Specification

Structuring rules

Once items are extracted, structuring rules decide how they are named, scored, deduplicated and merged.

ID conventions

All ids are kebab-case slugs of ASCII letters, digits and underscores.
Each section has a prefix: ent_, con_, pri_, heu_, dec_, proc_, pat_, ant_, cau_, ctx_, ift_, exc_, mm_, pb_, qa_, chk_, atm_.
Ids must be unique within their section and stable across re-compilations of the same source.
The package_id is global; recommended pattern is <source-slug>-<version>.

Confidence scoring

Confidence is a float in [0, 1] with two decimal places. The protocol defines five bands; see also the Protocol page.

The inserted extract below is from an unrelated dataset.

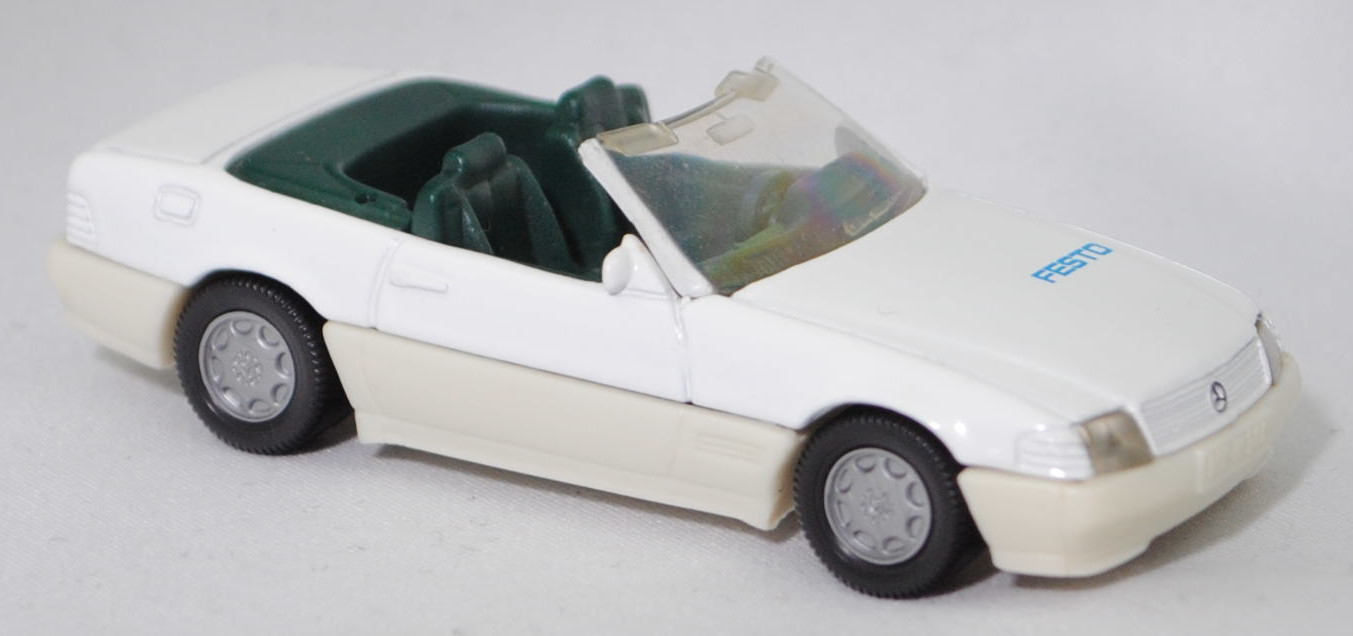 00401 Mercedes-Benz 500 SL (R 129, Modell 1989-1992), reinweiß, innen kieferngrün, FESTO auf der Motorhaube, Hong, B7, SIKU SUPER, 1:55, m (Limited Edition)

0.90 – 1.00 — the source states the claim directly and unambiguously.
0.75 – 0.89 — the source supports the claim with mild interpretation.
0.50 – 0.74 — inferred by combining two or more explicit statements.
0.25 – 0.49 — weak inference; agents should treat as a hypothesis.
0.00 – 0.24 — extractor uncertain; emit only if useful, mark source_basis: uncertain.

Normalization

Strings are NFC-normalized; whitespace collapsed to single spaces.
Languages follow BCP-47 (en, pt-BR, …).
Domains use the closed enum from the schema; novel topics go in subdomains.
Singular labels for entities and concepts; verb-led labels for procedures and playbooks.

Deduplication and merging

When two extractions produce overlapping items:

Merge by canonical id. If ids differ but labels are aliases, prefer the higher-confidence record and add the other label to aliases.
When confidences disagree, keep the higher value and lower it by the standard deviation between sources, capped at the higher of the two.
When source-basis disagrees, downgrade conservatively: explicit + inferred ⇒ inferred.

Source traceability

Every non-synthesized item must have at least one matching source_traceability entry whose extraction_type equals the item's source_basis. Synthesized items (e.g. retrieval chunks) may omit it.

Auditability is a feature

The traceability section is what makes a CKF package auditable by humans and verifiable by other agents. Treat it as required, not optional.